Companies are the winners of the #crisis in Europe

The crisis, golden opportunity for employers
23 March 2012 – Frankfurter Rundschau Frankfurt

Pressed hard by the recession and national debts, European governments are rewriting the labour law, whether watering down job protection or cutting wages cuts. And employers are smiling.
Stephan Kaufmann

In Greece, Spain, Italy and Portugal, the crisis is raging. All of southern Europe has been laid low. All of southern Europe? Not exactly. Some people in these countries are seeing long-cherished wishes come true. One is Juan Rosell, head of the Spanish employers’ organization CEOE, who has been calling for a relaxation of job protection for years. Now the government has heeded his call. “It won’t be the last labour market reform,” prophesies Rosell, scenting victory. The crisis is his opportunity.

Businesses in Europe have the upper hand. Under pressure from recession and national debt, governments are rolling back workers’ rights across the board and pushing down labour costs. The aim is to make locations for investors cheaper and therefore more attractive. “Europe is on its way to becoming an entrepreneur’s paradise – on the backs of the workers,” complains Apostolos Kapsalis of the Research Institute of the Greek Trade Union Federation, GSEE.

Given skyrocketing unemployment rates and the cutbacks demanded by the European Union, trade unions are on the defensive. In Greece, the government has made drastic cuts to the minimum wage and to unemployment benefits. “Massive wage cuts will be the consequence,” says Michala Marcussen from French bank Société Générale.

Retirement age has also been pegged higher, which not only lets the state save on pension payments but also increases the numbers of job-seekers. This in turn fuels competition for those jobs. “In the European labour reforms, Greece is the laboratory rat,” says Kapsalis. “Here is where they’re testing how to carry out the rollbacks.” Similar moves can soon be expected in other countries, the trade unionist warns.
Employee rights on the chopping board

In Spain for example, where in February, and without negotiating with the unions, the government reformed the labour market – “extremely aggressively”, as even economics minister Luis de Guindos conceded. The big winners are the companies: “It’s simply a matter of increasing their profit margins – and this, in the short term, can only be done by driving down unit labour costs,” says Patrick Artus, an economist at the French bank Natixis.

The wave of reform is washing across not just the smaller states. Even in Italy, Prime Minister Mario Monti is drawing up plans for swingeing cuts in traditional workers’ rights. Iron-clad employee job protection is one of those rights on the chopping board. The government tried to get rid of it in 2002, but mass protests forced it to back down.

Today a new opportunity is dawning – and the Prime Minister intends to seize it. “When it comes to economic policy issues, Monti’s line is very close to ours,” says Emma Marcegaglia, head of the Italian industrial association Confindustria.

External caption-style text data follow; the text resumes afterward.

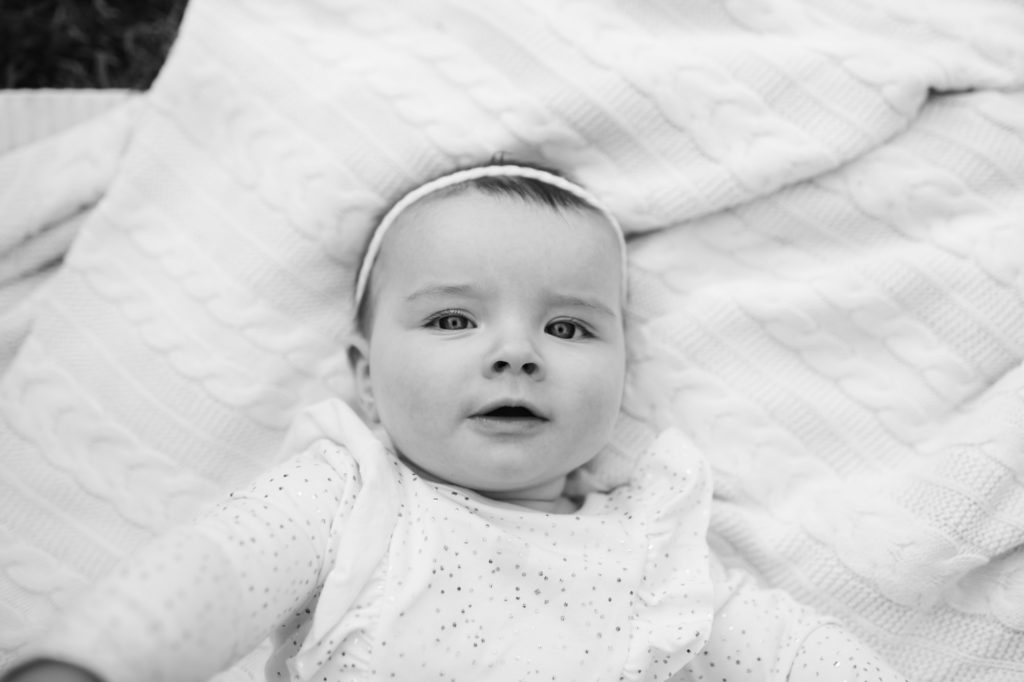 baby girl black and white portrait family photographer in Boston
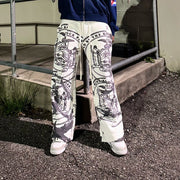 Retro high waist hand-painted wide-leg pants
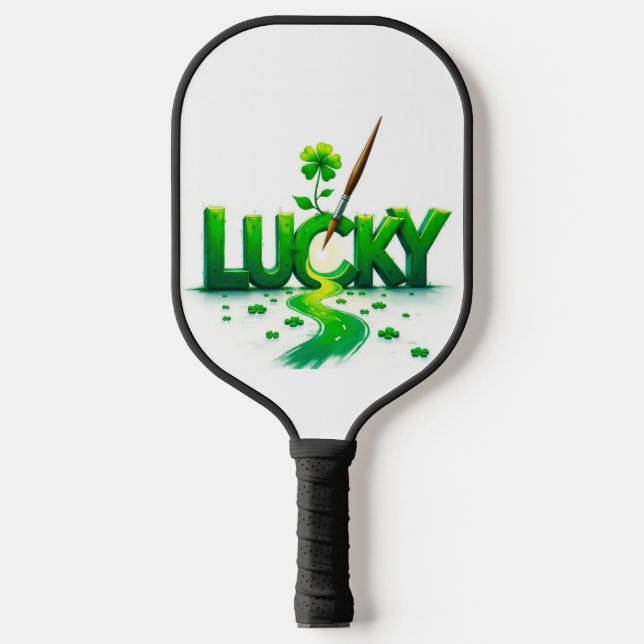 Raquette De Pickleball Lucky Clover Design pour la St. Patrick's Day (Recto)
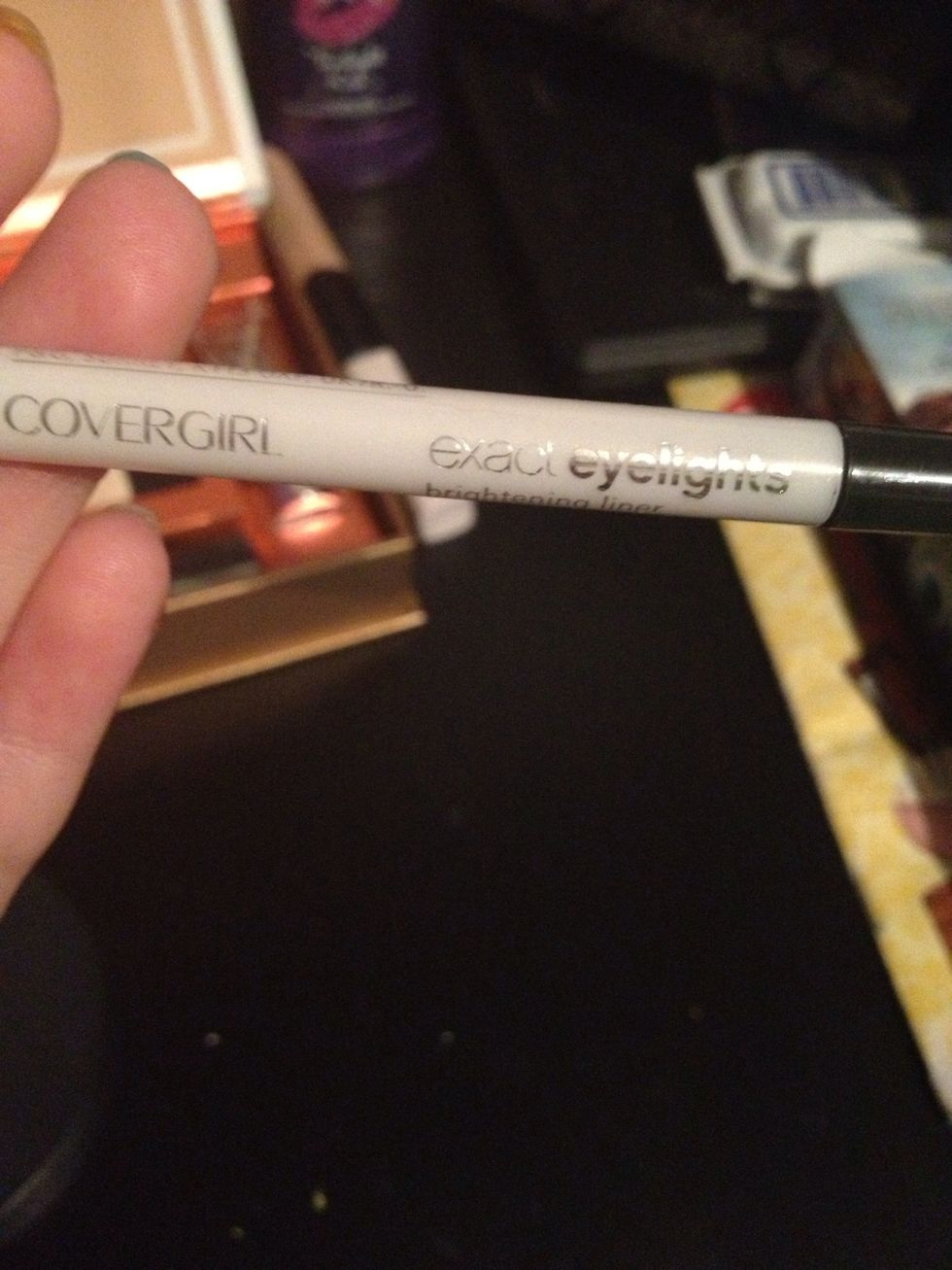 Then use a eyeliner, smooth kind, so you don't hurt your eyes. And you can add a small line on top, or not and just add some in the bottom inner corner, all the way of just half way.
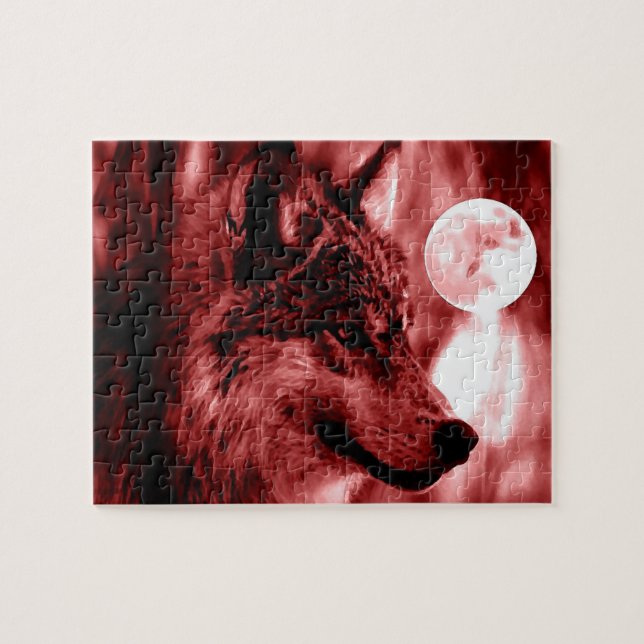 Quebra-cabeça Wolf Fullmoon e Red Night - Arte de Animais Selvag (Horizontal)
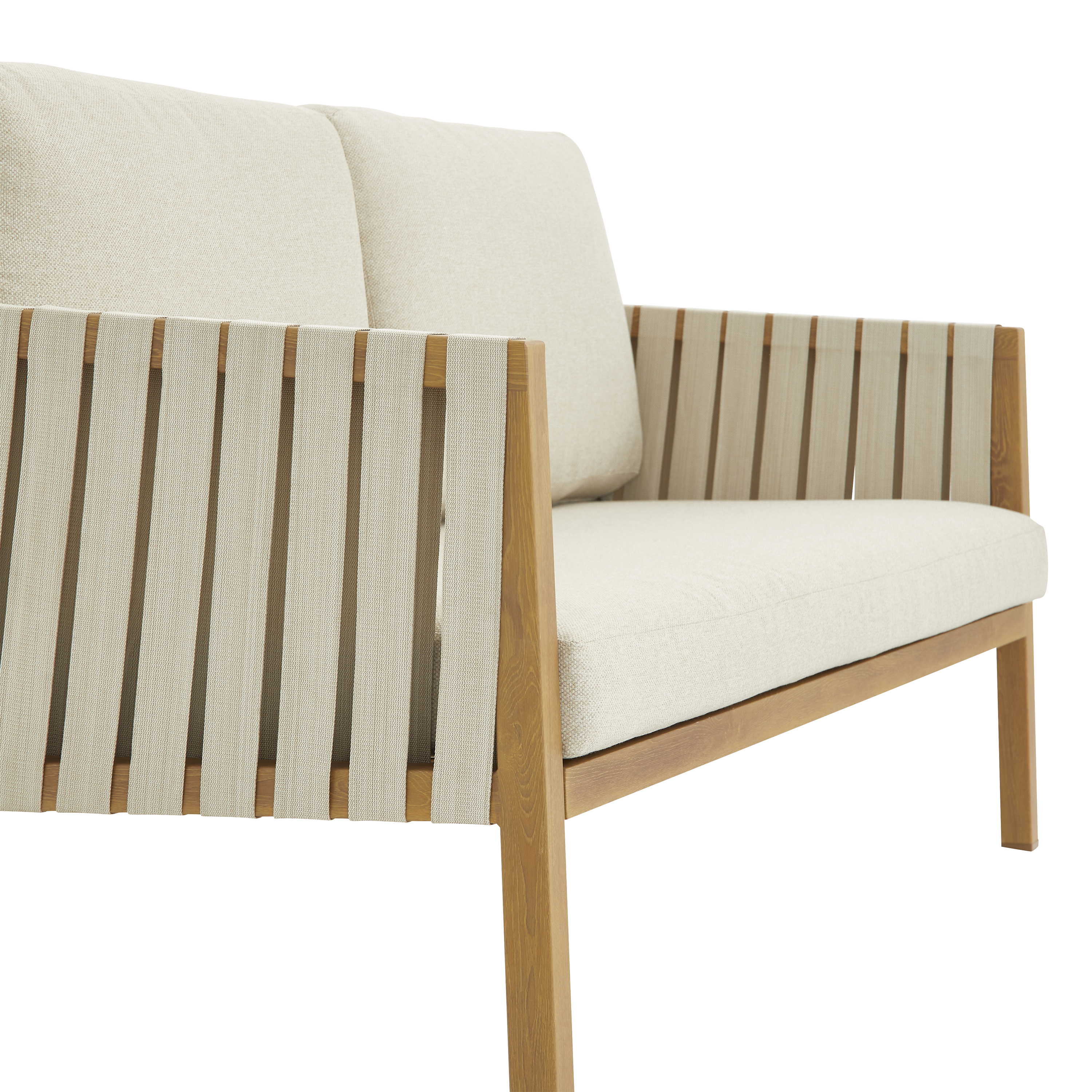 Sofá de 2 lugares em alumínio efeito madeira e corda 85x158x79 cm Naterial Okinawa - 28
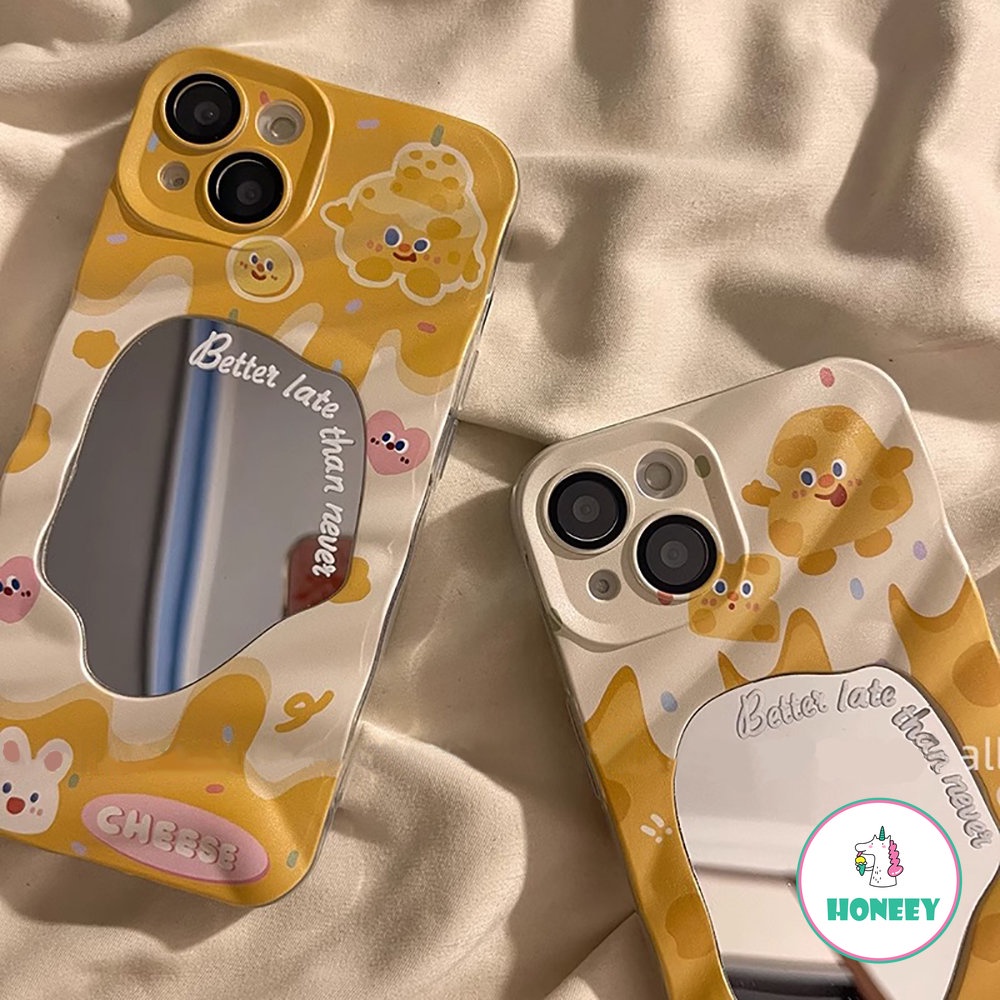 IPHONE Cute Cheese Bear Bunny 3D Wave Pattern Back Cover Untuk Iphone14 13 12 Pro Max Case Iphone11 Trendy Irregular Mirror Anti-Shock Casing Hp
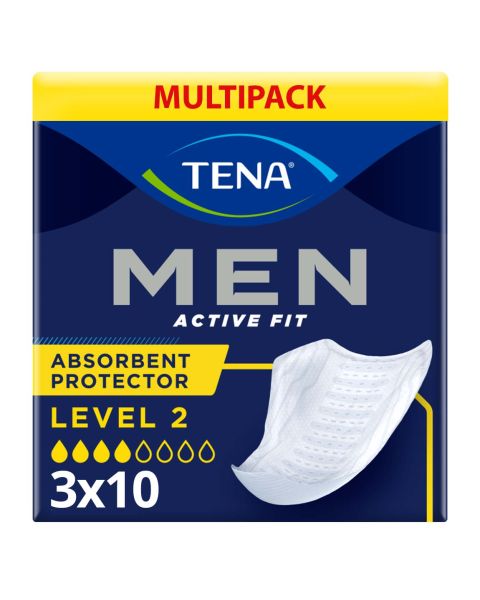 TENA Men Active Fit Absorbent Protector - Level 2 - Case - 3 Packs of 10 
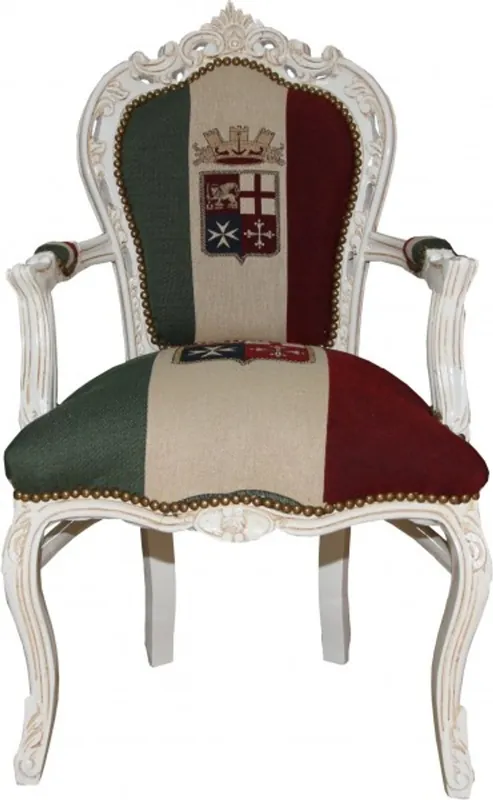 Sale Casa Padrino with armrest Baroque Dinner Italy / White - Antique Style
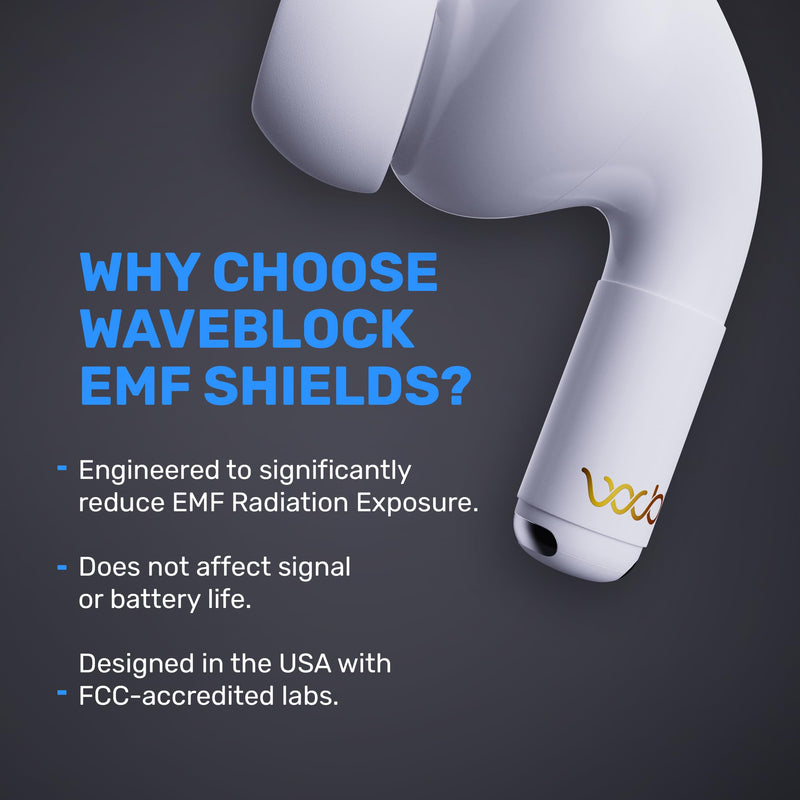 EMF Shield Sticker for AirPods 2nd/3rd/4th Gen, 2-Pack | FCC Lab-Tested, USA Patented, Short Stem Airpods, 5G Wireless Devices, WAVEBLOCK SHORT STEM AIRPODS - WHITE 2 Pair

The model for EU politicians is Germany, where Agenda 2010 and wage restraint have been highly profitable for companies and where the crisis has long been over. “In international competition with rising powers like China and Brazil, Europe can stay in the race only if it’s as competitive as Germany,” Chancellor Angela Merkel said in January.
“The measures will turn out to be a burden on growth”

German wage levels and productivity have thus set the benchmarks for European competition – and in France too, which has seen its international market share drift to other countries, while Germany has been able to expand its market position. By Commerzbank’s calculations, French and Italian car production fell between 2004-2011 by almost 30 percent, while in that same period the German car manufacturers saw their own output jump by 22 percent.

What’s already clear is that the labour market reforms are not short-term measures to tackle the crisis, but are here for the long run. The cost-cutting strategies are pitting the states against each other. Low-wage countries like Croatia and the Czech Republic are being forced to make their labour markets more flexible and push their labour costs downwards to become more competitive, says the IMF.

This competition between states is also desired by the EU, whose goal is to make Europe the most competitive region in the world by 2020. “We must come up with an agenda for growth,” said European Commission President Jose Manuel Barroso.

This increase in competitiveness through lower labour costs comes at the expense of income – and thus consumer spending. “The measures will turn out to be a burden on growth and on the labor markets for years to come,” predicts Natixis economist Artus. The question is whether those affected will go along with it. The Portuguese trade unions have just called a general strike, and the Spanish unions are coming out next. In Greece, the trade unionist Kapsalis is also launching a call for solidarity from the Germans: “Today it’s us feeling the squeeze – tomorrow it’ll be your turn again.”